How is this bad, you say? Many people claim that they want an active 'online experience'. But people forget that this applies only if the audience in question desires to be presented with the information, to begin with.
In two words, the key is initial interest.
Is it a cold lead, or a warm/hot lead?
For example, a gear-head is going to be extremely receptive to an interactive automotive website. But for him to even bother looking at a site about Asian-Americans, the experience had better be as passive as possible - yet as attention-grabbing and emotionally engaging as possible - for it to even register as a blip on his radar.
Unfortunately for us, Asian-American male issues aren't exactly a mainstream 'hot topic' that commands nearly the same public outcry/attention as say, some racially-motivated attack on a black individual. That's just the place we are at in this game, and we have to find a way around it if we are to succeed.
And to add insult to injury, we're dealing with a generation of people who have quite possibly attained the lowest attention-spans ever measured - therefore it is critical to ensure that the information is calibrated to a level of 'pre-digested mush' for the average, uninterested person to even take notice of issues related to Asian-American men.
There are, granted, many Americans who aren't quite so brainwashed or desensitized to the point of catatonic stupidity.

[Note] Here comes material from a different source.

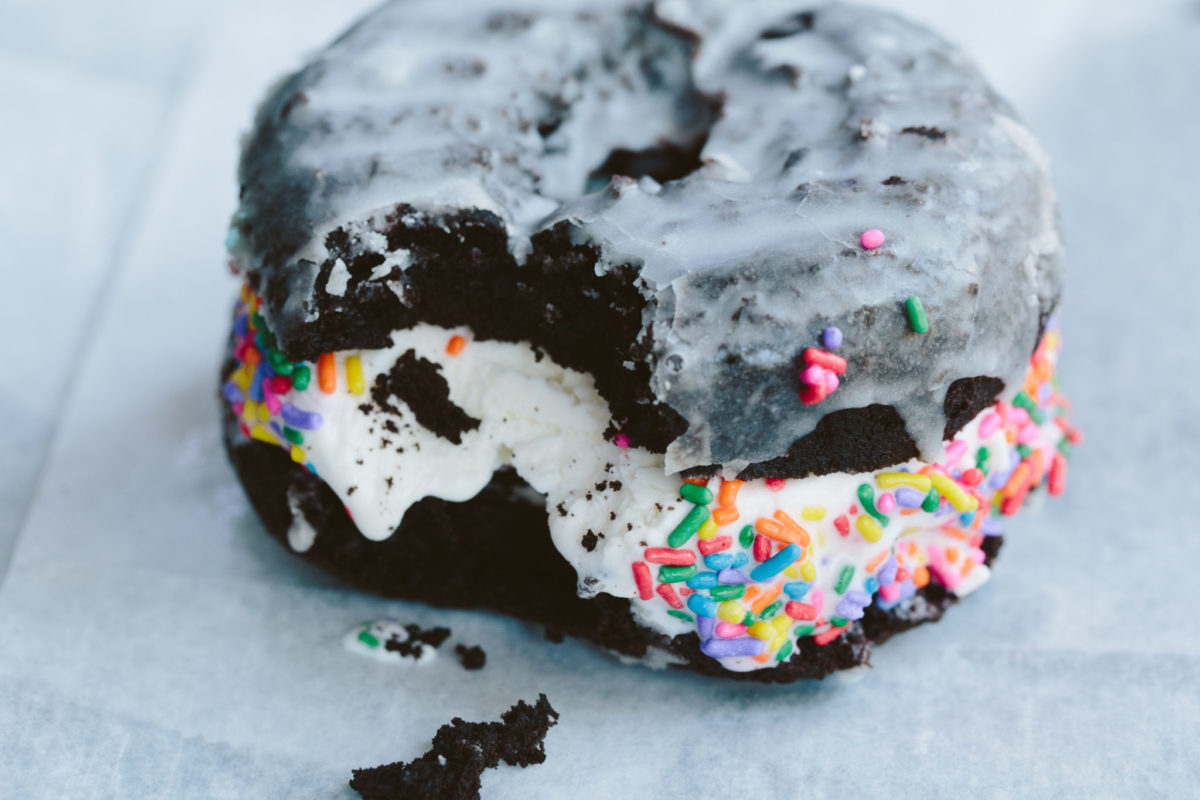 Donut ice cream sandwich from Blackbird Doughnuts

But with any Bell Curve there are distribution patterns that stay as true as gravity on Earth - the iron-clad rule is that one attains influence by controlling the minds of the masses. As undemocratic and directly contradictory that is to the basic civic premises of these United States, that is precisely what those bigwig a-holes at FOX News and Hollywood have done.
So now the real question becomes: how do we start doing it ourselves, given this limited stage called the Internet?
- AMR
Comments
I want this blog to be a proto Asian American channel, a medium that picks up after AZN TV and Imaginasian. A like minded group could start an Asian American channel on YouTube (and many groups have), but nobody has the time, money and resources to consistently put out good material, market that material and actually money to sustain the channel and donate and advocate for AA causes.
A coblogger has something like this planned, so let's see what happens.